Теперь уже ясно, что если мы, человечество, выживем, так выживем все вместе, если погибнем — тоже вместе. И тем не менее нам все еще не ясно — что такое человечество? Отдельного человека мы представляем себе в том множестве вариантов, которое мы встречали в своей повседневной жизни, в искусстве и в литературе — и с Пьером Безуховым мы знакомы близко, и с королем Аиром. Те сообщества людей, которые — народ и народы, мы чем дальше, тем тоже узнаем все больше и глубже, но все-таки — что такое человечество? Более 5 миллиардов людей так же реальны, как один-единственный человек, но эту реальность мы до сих пор не умеем себе представить, все еще не умеем, хотя бы и с помощью передовой техники и самой обширной информации.

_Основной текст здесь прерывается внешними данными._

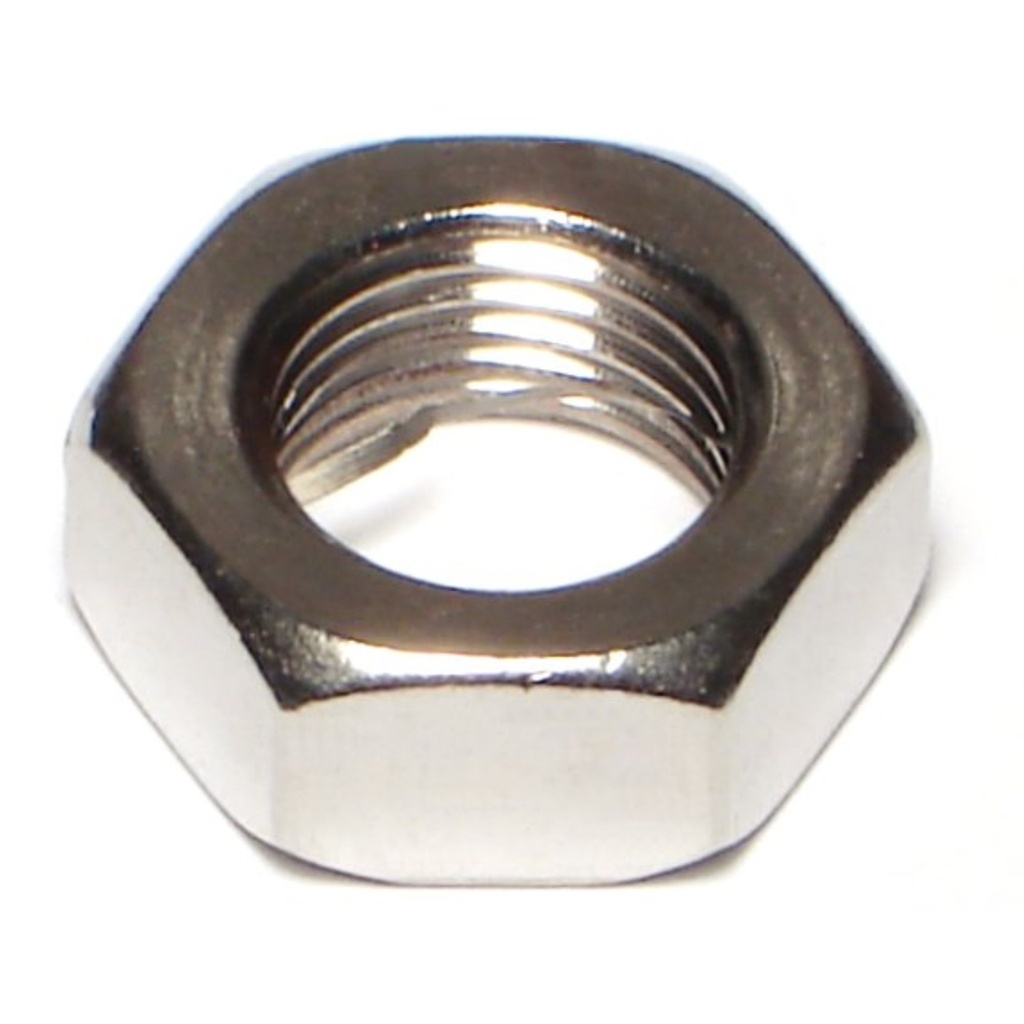 1/2-20 Hex Jam Nut SS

Этому нужно учиться. Нужно разрабатывать методику этого обучения, если уж во всех критических историях мы всегда оказываемся «все вместе».

Конечно, бессмертие само по себе понятие утопическое, но разве утопизм не сыграл своей роли в развитии человечества? Разве он не играет ее и сейчас, после того как был в ряде случаев выброшен на свалку истории? Собственно, утопизм обладает одним-единственным недостатком: он слишком горячо желает рая на земле. Но какие бы стихи, прославляющие человека и его разум, ни слагали поэты в свою любовную пору, теперь уже достаточно ясно: рай человечеству не видать никогда.

Другое дело — избежать ада. Вот с этой поправкой утопизм нынче необходим, может быть, больше чем когда-либо в прошлом. Социализм — альтернатива такой перспективы, кажется, единственная. Никто и нигде другой альтернативы такого рода пока что не выдвинул. И похоже на то, что ее, принципиально другой, и не может быть, что всякое размышление об усовершенствовании человеческого общества никогда социалистических идей не минует. Вот и религия тоже заговорила о христианском социализме, заметим — о социализме, но религий много, причем несовместимых между собой, а социализм — по крайней мере в теории — один, и это тот пункт, вокруг которого можно объединяться в поисках бессмертия всем, кто хочет и кто призван искать.

Да, история возложила на нас грандиозные задачи, одарила нас огромными возможностями, но не дала никому опыта социалистического строительства, способов и методов реализации его собственных возможностей. Ни одного совета не дала она нам, ни одной оргсхемы, ни одного плана, ни одного проекта постановления, все нужно было изобретать и латать самим на протяжении всех семидесяти лет. Единственно что мы знаем: что самые значительные наши возможности — в нас самих. Страна и ориентировалась на самое себя и никогда не рассчитывала на защитников и покровителей — их у нас попросту не было. Это, безусловно, наложило на нашу психологию свой отпечаток. Какую-нибудь статью какого-нибудь вождя мы легко принимали за «исторический документ», который исчерпывающе определяет давнюю «историческую» перспективу, какой-то далеко еще не проверенный и ничем не подтвержденный тезис — за «историческую необходимость». Страна разучилась добросовестно подводить итоги своей деятельности, нередко полагая, что накачивание энтузиазма более важно, чем практические результаты, будь то в экономике, здравоохранении или в проблемах нашего благосостояния. Так мы потеряли способность сравнивать свои планы и замыслы с реальными результатами. Обвиняя — и не без основания — капитализм в стихийности и неуправляемости, мы проявили едва ли не детскую доверчивость к планам и к «методам планового хозяйства» в целом, мы первые стали объявлять наши планы законами, но это не мешало менять их несколько раз за пятилетку, исключая в то же время из них элементы той неизбежной непредсказуемости и даже стихийности, которых каждый из нас не может избежать при достижении любой цели. Мы законы не открываем, не доказываем, а постановляем.